Gerçek Gündem’e değerlendirmelerde bulunan Ahmet Tatar, Millet İttifakı Cumhurbaşkanı Adayı Kemal Kılıçdaroğlu’nun seçimler hakkında birinci basın toplantısında söylediği “Erdoğan, sen değil misin FETÖ’yü besleyip büyüten, ayağına kadar giden ‘Ne olursun, yalvarıyorum geri dön’ diyen? Sen değil misin milletin ordusuna kumpas kuran, bu millet bunları bilmiyor mu? Ben hiçbir vakit Mehmetçiğimize kumpas kuranlarla yan yana durmadım, asla ve asla durmayacağım.” kelamlarına ait şunları söyledi:
“Milletin biliyor olduğu kısmını çok gerçekçi bulmuyorum. Erdoğan kitleleri maniple edeceğini düşünüyor. En azından söylediklerinin alıcılarının olduğunu biliyor. Öteki taraftan insanları buna inandırmış olması gerçekleri değiştirmiyor. Gerçeğin tutulan kayıtları, kumpasları kuranların Fethullah’la birlikte siyasi iktidar olduğunu bize gösteriyor. Halka ne verirseniz o olur. Maalesef Türk milleti, 2007’den beri büyük bir ruhsal savaş içinde. Bu savaş gerçeklerin aykırı yüz edilmesi maksadıyla yürütüldü. Fethullahçı çete eliyle yürütülen savaşı şimdilerde siyasi iktidar devraldı. PKK’lıları sondan içeri alıp, çadır mahkemelerinde göstermelik bir yargıdan geçiren hükümetin başında bugünkü Cumhurbaşkanı Recep Tayyip Erdoğan vardı. Oslo görüşmelerine giden MİT vazifelileri Başbakan’ın müsaadesi, haberi olmadan gidebilirler miydi? Büyük medya yardımıyla da halkın maalesef büyük bir kısmı buna inandırılıyor. Ancak gerçek orada duruyor.”
‘HİZBULLLAH MECLİSTE, BU SEÇİM NE MANAYA GELİYOR BİLMEMİZ GEREK’

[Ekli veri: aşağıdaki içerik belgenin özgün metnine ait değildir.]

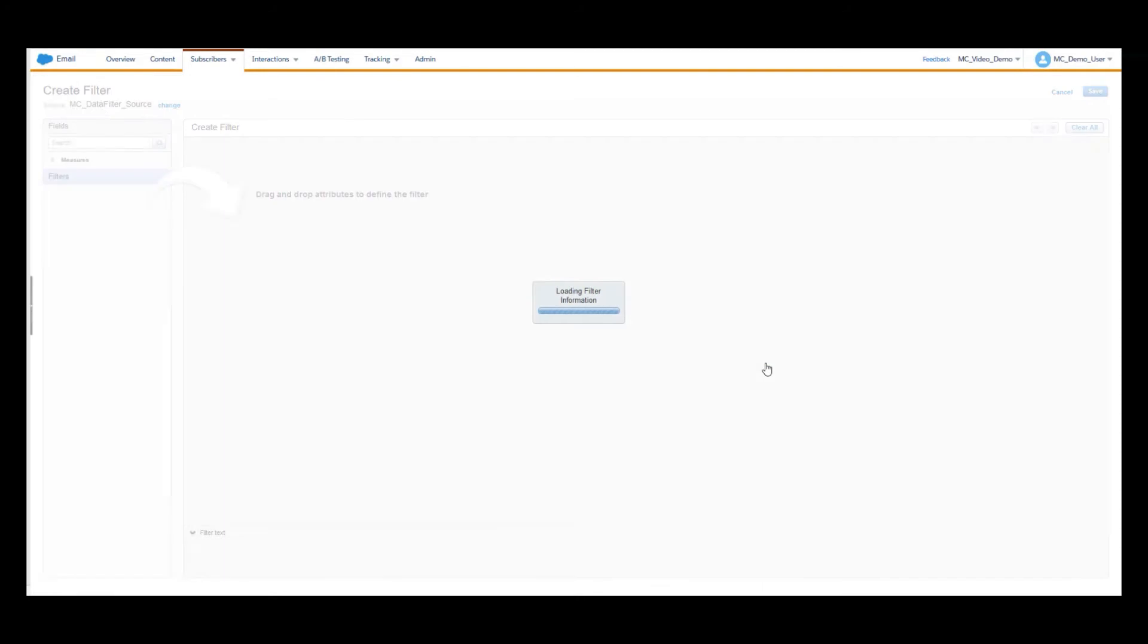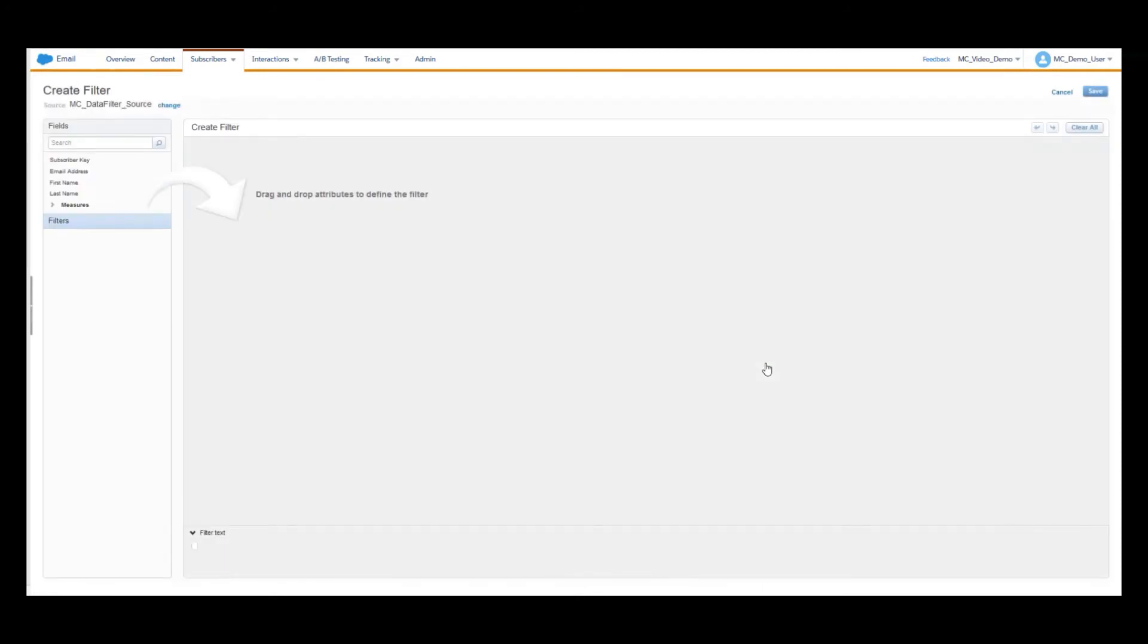To create the condition for the filter, you can drag the field from the left-hand column onto the canvas. Once you have created your condition, click on Save.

Tatar, 2007’de başlayan, Fethullahçıların yargıda hakim olduğu yıllarda devam eden kumpas davaları periyodunda ülkeyi yönetenlerin Erdoğan ve etrafı olduğunu hatırlatarak konuşmasına şöyle devam etti:
“Herkese ‘terörist’ diyen Erdoğan, uzun yıllar Fethullahçı terör örgütüyle birlikte yol aldı. Fethullahcılar yargı içinde at koşturdu. Bu kumpaslar siyasi iktidarın takviyesi olmadan yürüyemezdi. Ne vakit Fethullah, siyasi iktidara yöneldi, o vakit işler değişti. Bizim o vakte kadar devlet için büyük tehlike dediğimiz örgütlenmeye terör örgütü demeye başladılar. Erdoğan, 15 Temmuz’dan sonra halkımız bizi affetsin dedi ancak geçmiş bir kalemde silinmez. Çok önemli kabahatler var. Biz bunu asla unutmuyoruz. Er ya da geç hukuk önünde hesabının olduğunu düşünüyoruz.”
Tatar, seçim sonuçlarına ait ise “Bu seçim ne manaya geliyor sorusunun karşılığını güzel bilmek gerekir” diyerek şunları söyledi:
“Ne olursa olsun siyasi iktidar zayıfladı. Bütün maniplasyonlara karşın güç kaybetti. Erdoğan birinci kez bir seçimi esasen kazanamadı. Şayet aklı başında tutum alınırsa, toplumun bütün kısımları ile yeni bir uzlaşı sağlanabilirse seçim kazanılabilir. Hizbullah meclise girdi. Cumhuriyetin temel unsurlarına karşı olan Yine Refah Partisi mecliste. Cumhuriyetin devamının yanında mıyız aslında bunu oylayacağız.”
ALİ TATAR
Evli ve bir çocuk babası 42 yaşındaki Yarbay Ali Tatar, 5 Aralık 2009’da Amirallere suikast soruşturması kapsamında tutuklanarak Hasdal Askeri Cezaevi’ne gönderilmiş, tutukluluğuna yapılan itiraz sonucu 16 Aralık’ta tahliye edilmişti. Savcının itirazı üzerine hakkında tekrar tekrar tutuklama kararı çıkarılan Ali Tatar, Beylerbeyi’ndeki konutunda 19 Aralık 2009 sabahı gerisinde bir mektup bırakarak intihar etmişti. Tatar’ın tutuklanmasını talep eden savcı Süleyman Pehlivan ise 2011 yılında Yargıtay üyeliğine seçildi. Pehlivan, 15 Temmuz darbe teşebbüsünün akabinde a FETÖ üyeliğinden 13 yıl 6 ay mahpus cezası aldı.
Tutuklama talebini kabul eden hakim Metin Özçelik de FETÖ üyeliğinden ve vazifesi berbata kullanmaktan 10 yıl mahpus cezasına çarptırıldı.